Warner Brothers, which declined to discuss the new film's casting or make Mr. Nolan available to do so, need not feel uneasy about associating "Batman Begins" with more typically British products - the romantic comedies of Hugh Grant or the endless string of period costume dramas with bewhiskered men in frock coats and maidservants, eyes cast downward, bobbing and curtsying obediently.
In fact, the studio need only look at its own output lately. Of the major American film companies, Warner Brothers has been the most aggressive in working on British turf, Mr. Thomson noted. Much of the "Harry Potter" franchise is being shot at Leavesden, another abandoned British air base. Recently, acres of soundstage space at another studio were given over to shooting "Charlie and the Chocolate Factory," starring Johnny Depp and set for release by Warners next year. Within the last year, moreover, interiors for two other ambitious productions, "Phantom of the Opera" and "Alexander," both distributed in the United States by Warners, were shot on stages here. (Not to mention the first "Batman" in the current series, which was shot in Britain.)
All of this comes in a year when, even allowing for tax breaks, the weak dollar has made Britain forbiddingly expensive. So why not go to, say, Eastern Europe, which is cheaper? Much of the Civil War film "Cold Mountain," for example, was shot in Romania. Technical expertise is one reason; Britain justifiably boasts of outstanding behind-the-scenes filmmaking talent, including a cluster of world-class special effects houses in the Soho district of London. "Studios know they get value for money here," Mr.

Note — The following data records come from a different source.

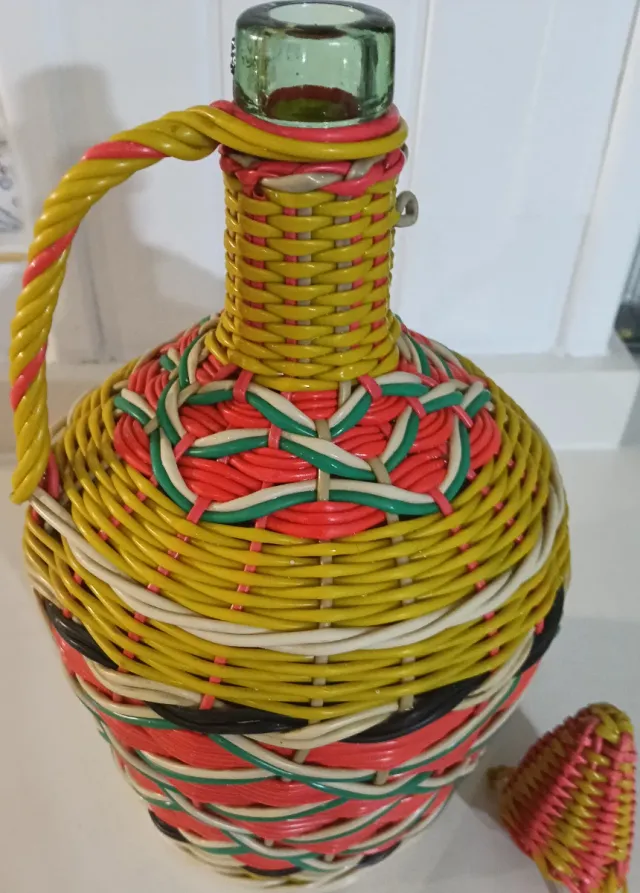 Damajuana rivestita con manico e tappo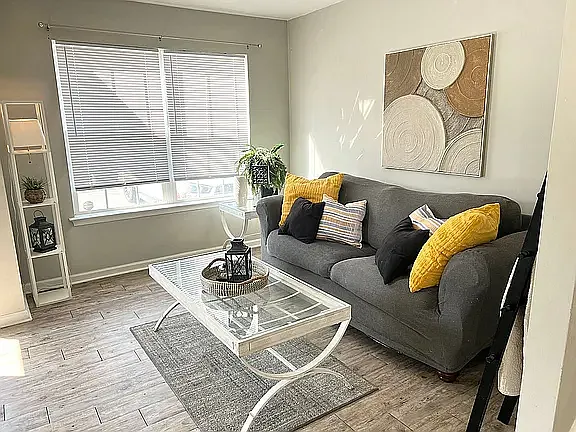 4 bed, 1496 sqft, $2,750 — Photo 3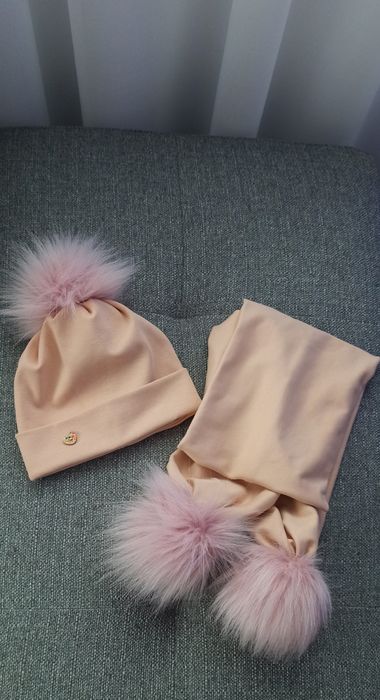 Set căciula și fular pt 4-6 ani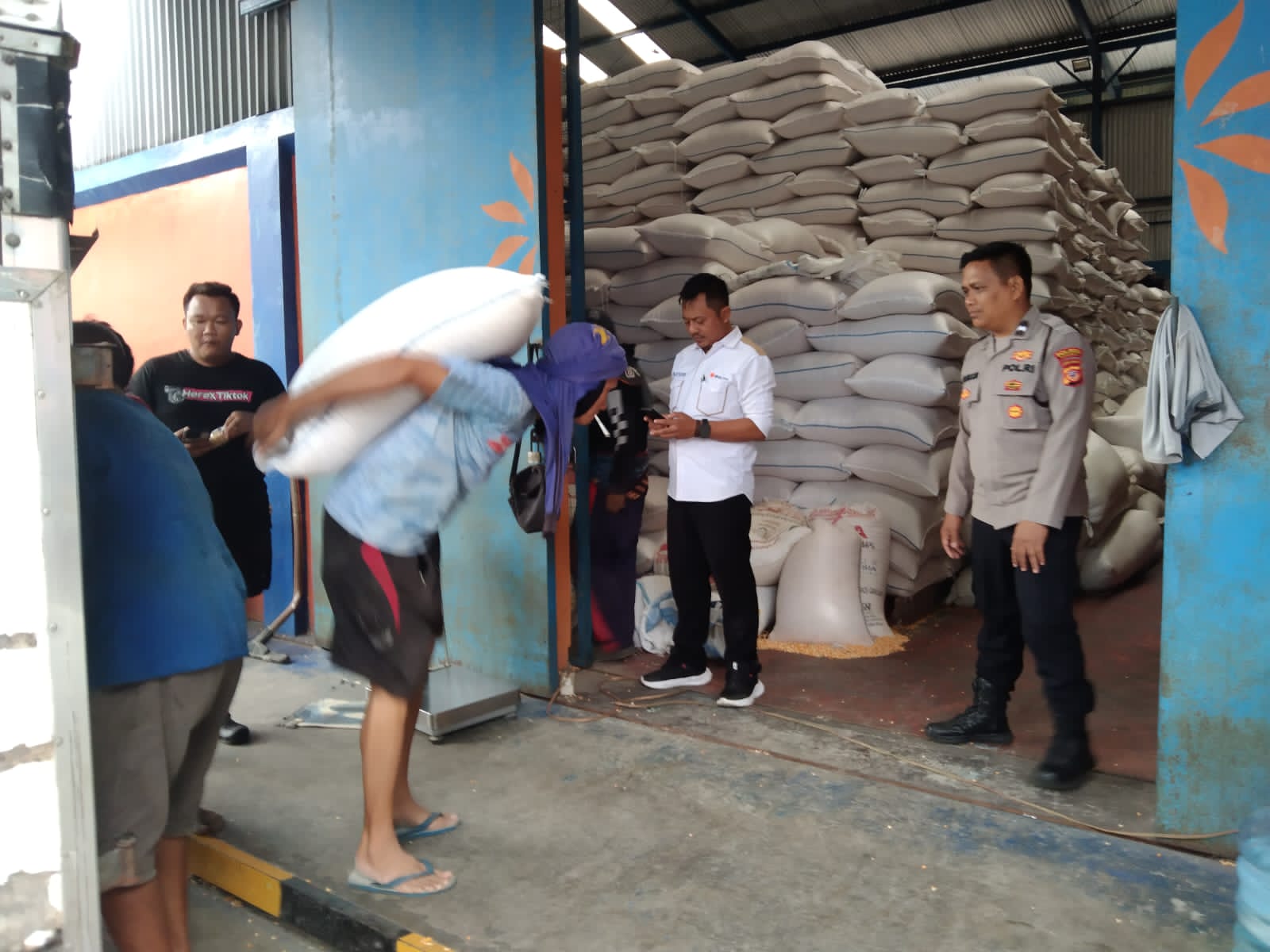 Polsek Cikoneng Dukung Ketahanan Pangan Nasional Melalui Pengiriman Jagung Petani ke Gudang Bulog Tasikmalaya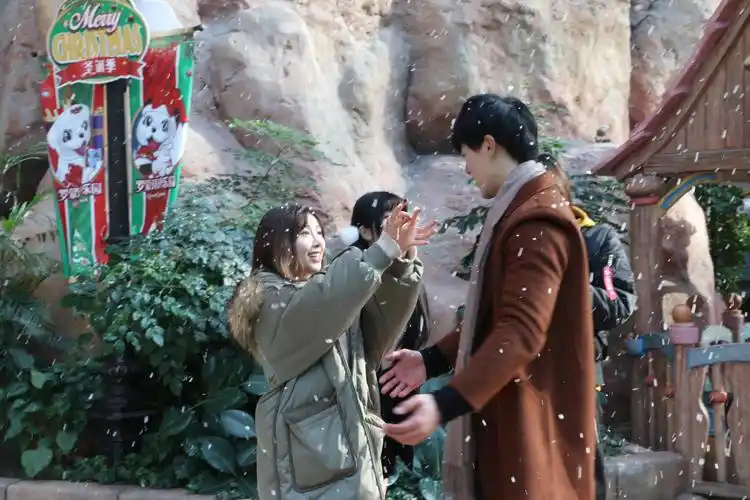 二次元萌妹——阿润   下面是剧照花絮的爆料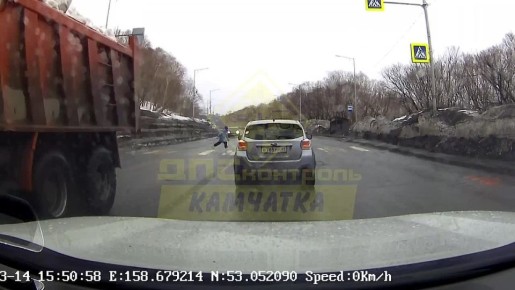 Ребёнок чуть не попал под колеса самосвала в Петропавловске-Камчатском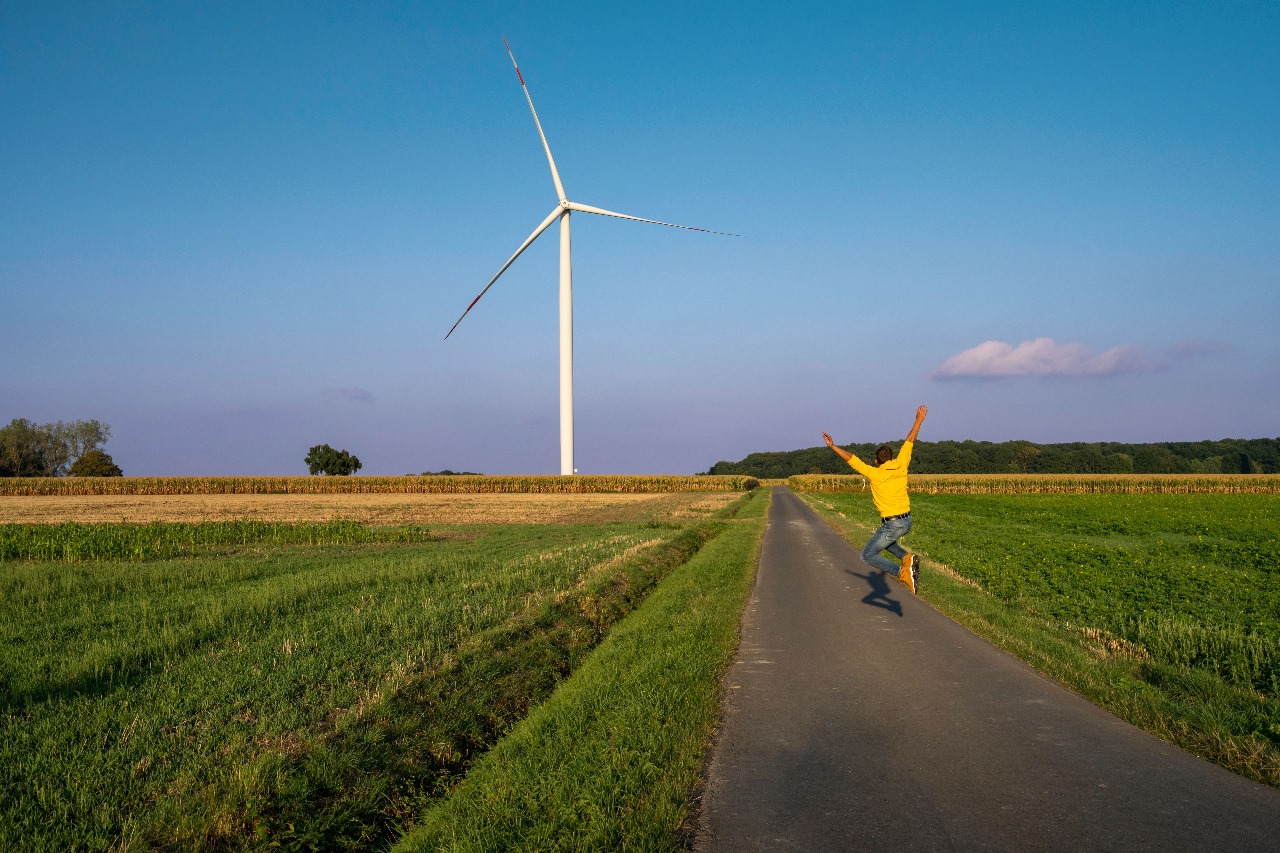 Contact Illustration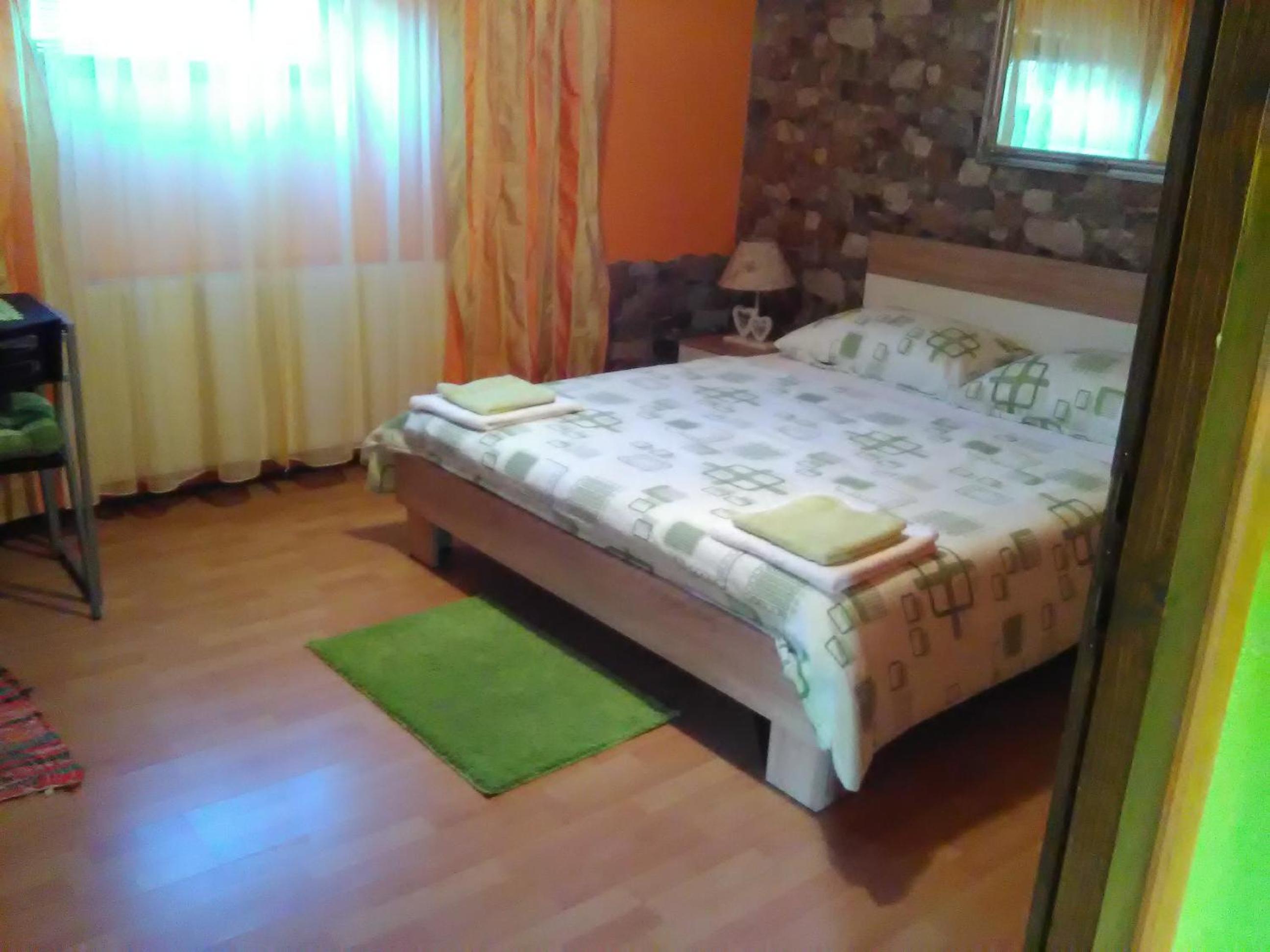 Photo 34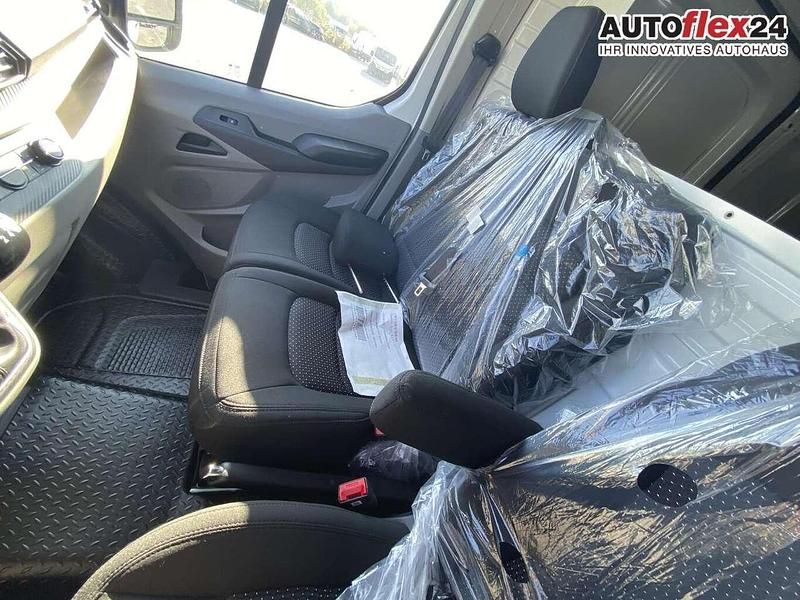 Neu Maxus V90 147 PS (108 kW) 2025 Weiß Van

Thomson said.
And there are other attractions. If American film executives are faced with a long shoot abroad, and the choice is London or maybe Bucharest, they're apt to choose London, where the language is familiar and a dizzying range of entertainment and culture compensates for absence from home. Few countries, moreover, have soundstages as big as those in Britain. Visitors to Cardington have said that the Gotham City set is vast enough to encompass a freeway and an elevated rail track like the El in Chicago. (This Gotham is in a state of decay, ravaged by corruption and organized crime, its look influenced by the now-demolished slums in Kowloon, Hong Kong.)
Finally, one wonders whether it even matters that British actors will dominate a classic piece of Americana. It's certainly been done before: In "Gone With the Wind," the main Southern belles were played by Vivien Leigh, born in British India, and Olivia de Havilland, daughter of a British patent attorney in Tokyo, while Leslie Howard's Ashley Wilkes never quite shook off Howard's native London.
More recently, there was much harrumphing in the British news media when an American actress (a Texan, even) was chosen to play that essentially English heroine, Bridget Jones. But the iciness of the British thawed when they finally saw Renée Zellweger's portrayal.
Certainly, the two enthusiastically received "Batman Begins" trailers being shown in theaters betray no sign of the film's British provenance. So Americans now face some choices. They can be gravely insulted that the British have appropriated an all-American icon. They can be amused by the whole farrago. Or they can view it as subtle revenge by the British on Hollywood for foisting Austin Powers upon them.